The Clean Energy Gap: Quantifying the Feasibility of 100% U.S. Clean Energy Consumption by 2035 under Artificial Intelligence-Driven Demand Growth
Daniel Xi
01/10/2026
This paper investigates whether the U.S. can achieve 100% carbon pollution-free electricity consumption by the year 2035 in the context of rapidly accelerating electricity demand driven by artificial intelligence and data center expansion. Employing a compound annual growth rate methodology, this paper uses 2024 figures to model the growth of both the supply and demand sides of U.S. electricity through 2035.
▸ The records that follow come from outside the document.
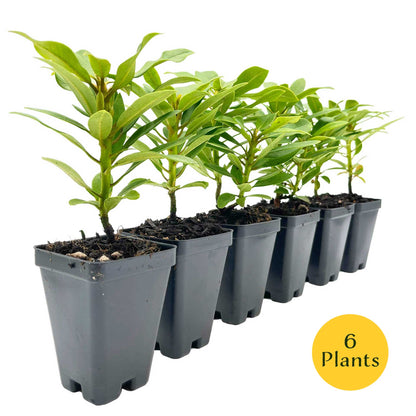 Nova Zembla Rhododendron in 3.5″ Cubes (Rhododendron hybrid ‘Nova Zembla’)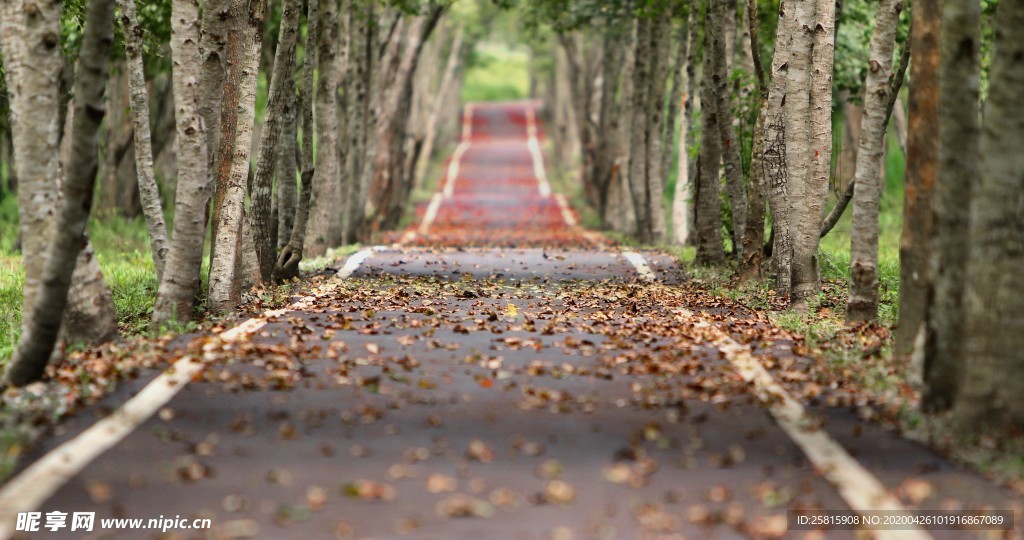 林间小路丛林小道图片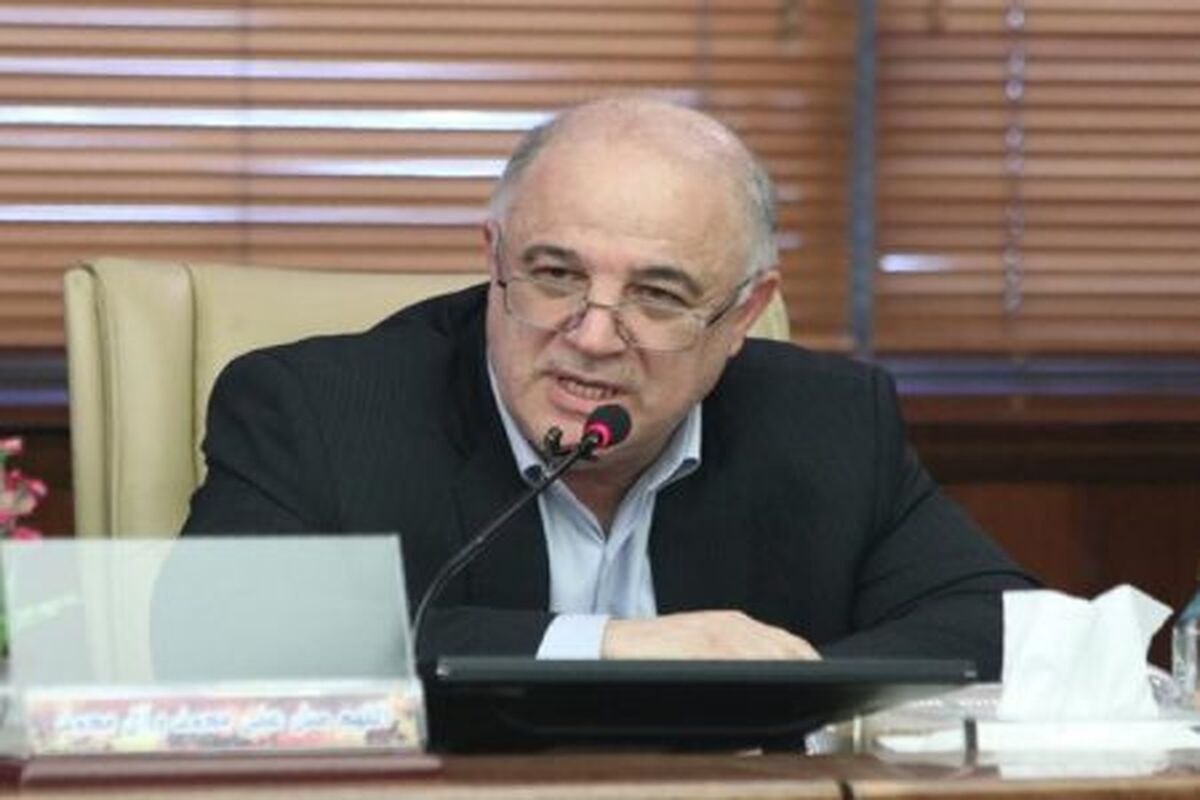 همایون حائری رئیس ستاد مدیرت سوخت نیروگاه ها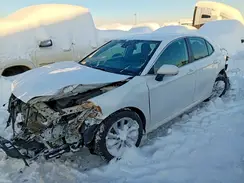 4T1C11BKXPU105366 2023 TOYOTA CAMRY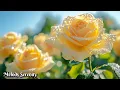 Download Lagu Невероятно красивая музыка🌺ЛУЧШИЙ сборник мелодий, от которых мурашки по коже🌿Сергей Грищук #2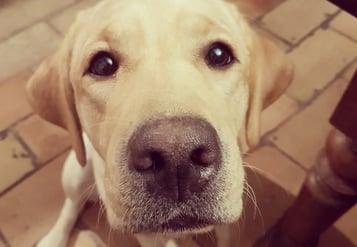 chien truffier labrador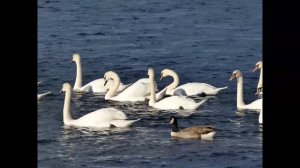 Песня Звездочка моя ясная - поет Сергей Штепа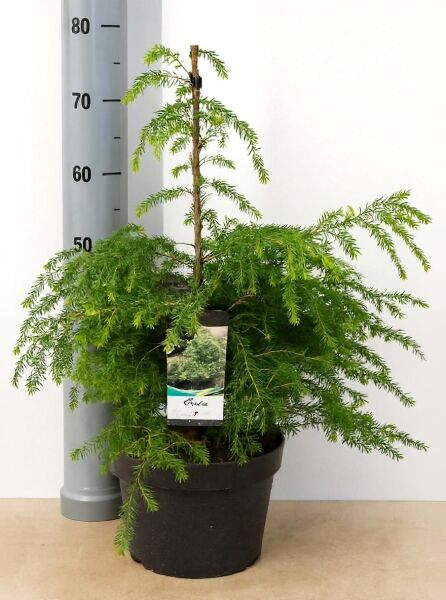Tsuga canadensis / Kanadische Hemlocktanne 50–60 cm, C5-Topf, junge Pflanze mit überhängenden, nadeligen Trieben im Container.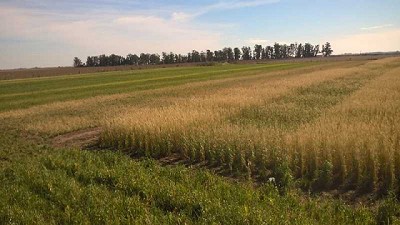 Los cultivos de cobertura resuelven más de 20 conflictos de manejo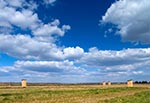 Z sennika egipskiego - cztery wychodki w szczerym polu ujrzeć - zapas stoperanu nado pilnie zakupić! (Okolice Zamościa w stronę Siedlisk za schroniskiem dla zwierząt)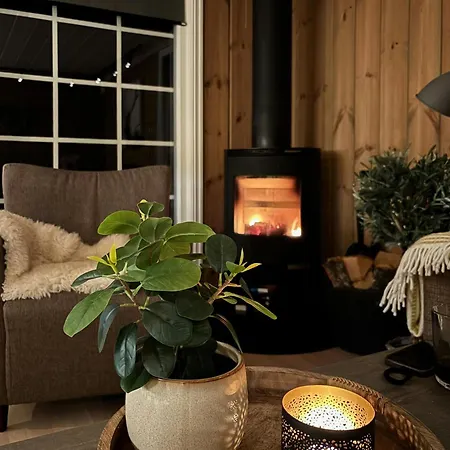 Magiske Vinterdage I Sjusjoen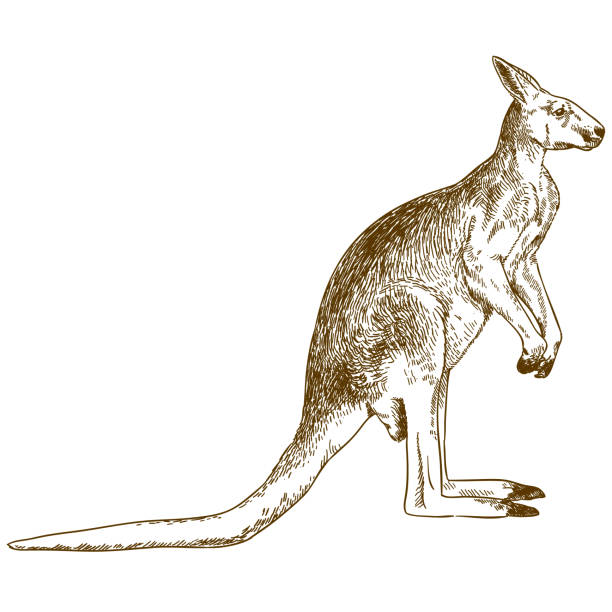engraving drawing illustration of big kangaroo Vector antique engraving drawing illustration of big kangaroo isolated on white background kangaroo stock illustrations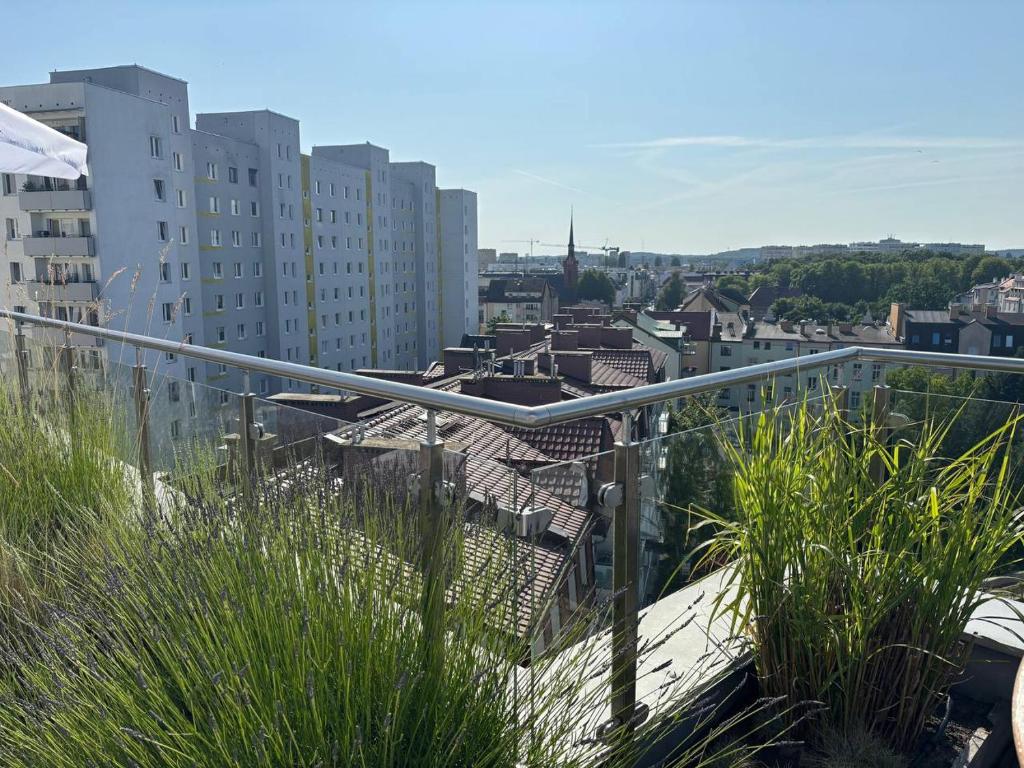 Varanda/terraço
On the demand side, data center demand is projected using historically derived compound annual growth rates (“CAGR”) of 15.77%, while non-data center demands use the Energy Information Administration’s (“EIA”) baseline of 1.7% growth rate, yielding a total electricity consumption range of 5471 terawatt hours (“TWh”) to 5821 TWh by 2035. On the supply side, clean energy capacity is projected to reach a total of 1066.1 gigawatts (“GW”) by 2035 using a CAGR of 7.30%, yielding an estimated generation of 4104 TWh. This falls short of demand estimates with a gap between 1366 TWh and 1716 TWh, with only 70.5% to 75.0% demand covered by clean electricity supply. Closing the gap requires total annual capacity additions of 72 to 91 gigawatts, less than double the current rates. Under current trajectories, clean energy generation is not projected to fully meet total demand until approximately 2042. Under the assumptions and growth trajectories modeled in this paper, the United States is not projected to achieve 100% clean electricity consumption by 2035, and closing the supply gap implies trillion-dollar capital requirements that current markets and situations are unlikely to support.